On this date in 2005, according to nationalpastime.com:
“After the team finishes the first two months of the season with a 19-32 won-loss record, the Houston Chronicle prints an obituary for the last-place Astros. After winning the National League pennant as the wild card team, the club, which is 14 games out, will make it to the World Series.”
If the AJC ran such an obituary, maybe history would repeat. And the Braves are only 10 back in the loss column. Piece of cake, right?
Four more months to make up 10+ games? Possible, but a tall order & will need to see a slide somewhere from the front-runners.

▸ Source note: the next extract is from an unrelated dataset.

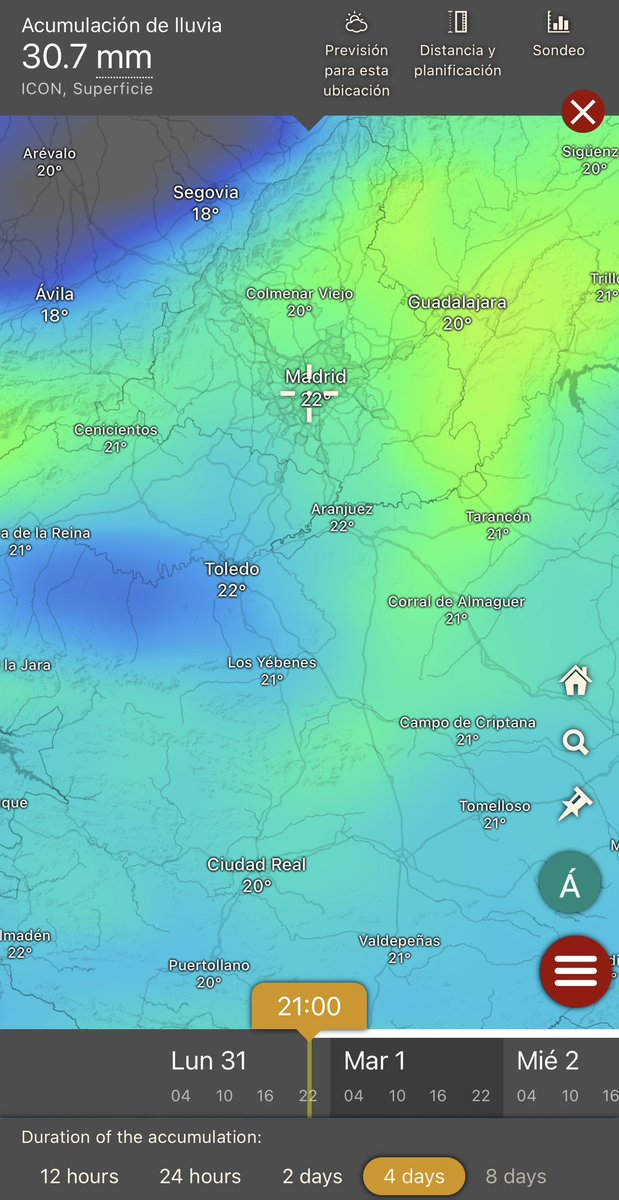 alvaroexplora's tweet image. 🌡️ Tras una mínima de 8,7°, hemos alcanzado una máxima de 21,1° ☀️ en el sureste de la capital. #marzo2025
La lluvia nos volverá a visitar esta primera semana de abril 🌧️ modelos ECMWF/GFS/ICON:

But there are 3 wild cards this year… if they start playing better, the post-season isn’t out of the question.
Hey… who’s our regular Tuesday recapper?
The last I heard it was Clint.
@73: To clarify, the “piece of cake” quip was sarcasm. Personally, I think this team is toast (rather than cake).
@76
French toast perhaps…flavorful, sensual even at times – out of the ordinary…tastes best in the Fall.
Duvall, Heredia and Harris make up a murderers row at 7-9 today. If they combine to get on base twice I think it means a win today, although I am not super confident that they can do that.

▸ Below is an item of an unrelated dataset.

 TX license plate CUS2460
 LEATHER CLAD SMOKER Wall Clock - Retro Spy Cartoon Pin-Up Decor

Watching the Mets, Carrasco pitching.
One factoid slaps you in the face already – one walk every 9 innings. Another world.
Now he wilts…11 straight walks, worse than us. Bases loaded he reverts to his fast ball, strike outs with bases loaded…still no score. His Dad is in the the stands. Mets scored 168 runs in May.

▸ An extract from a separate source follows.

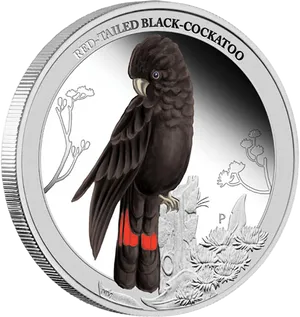 Red Tailed Black Cockatoo Coin PNG Image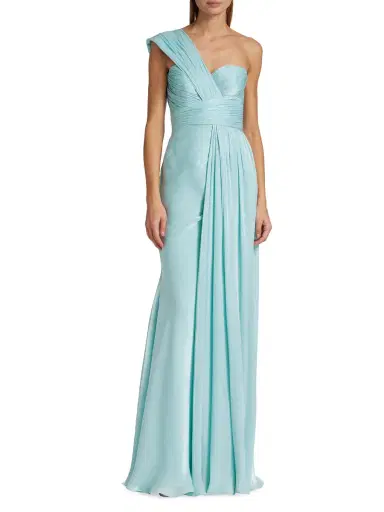 Badgley Mischka Women's Draped One-Shoulder Chiffon Gown - Azure | Thumbnail 2 Badgley Mischka Women's Draped One-Shoulder Chiffon Gown - Azure | Thumbnail 2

About an hour to our first pitch.
RAJ can’t play today… sigh.
@81 not surprised the way the last couple of innings went yesterday. He looked very apprehensive going back on that double over his head last night
I’m still in a little bit of shock that we are in 2nd place in our division, 2 games ahead of the Phillies and Marlins and 5.5 games ahead of the Nats. If the Mets collapse like they did last year, we could win the division by playing .500 ball. To be fair to the Mets (something I hate to do), I think Showalter is a much better manager than anyone they’ve had in recent memory.
@83 I am afraid we are going to regret losing some of these games we tossed away carelessly
Showalter is a good manager, and the Kings of Queens needed an adult steady hand. Hey, sometimes when you spend a half a billion dollars you wind up with a pretty good team.
Good start today
@78–if you’re right, the Braves already have this game won.
@87 Let’s hope
Wright has already exceeded the expectations I had last year at this time for his entire career. The dude looks great.
Contreras needs to play every day, no exceptions.
After 6 IP & 79 pitches vs. Oakland, Justin Verlander is working on a possible no-no No. 4.
Only Ryan (7) & Koufax (4) have that many.
Booom!
We needed that. Riley destroyed that hanger.
We blew a 4 run lead yesterday, maybe 5 is a magic number.
Nothing a little Reitsma Room won’t fix.
Now that catch was impressive.
I think we’ll be able to hang onto this lead…
Today’s game is a consolation prize.
I declare that this is the game where Atlanta turned their season around. I have no rationale for this and it will most likely have no effect, but maybe it will happen eventually.
Time for arena baseball…
@98–You’ve convinced me. June will be a much better month than April or May were.
Wright gets his walks under control, very good things will happen. At least he is not hitting a batter a game
Riley on a hot streak
Olson back to his normal
Amazing how good relievers pitch with big leads
Harris doing better than I expected
Braves doing worse than anyone expected
Braves claimed infielder and nephew of ARod, Joe Dunand, from the Marlins. What’s not to like? The dude is batting .300 with an OPS well over 1.000.
On second thought, his stats in the minors are really bad. Some may also consider 11 major league at bats a small sample size. Homering on your first ML at bat should count for something!
Half of our minor league position roster seems to be loaded with infield rejects from other teams.
@102
Joe Dunanddusted
Dunand will be a great teammate for the Dúnedan!
New thread.
https://bravesjournal.mystagingwebsite.com/2022/06/02/stay-strong/
Well, we do get to play a team that gave up 26 runs yesterday.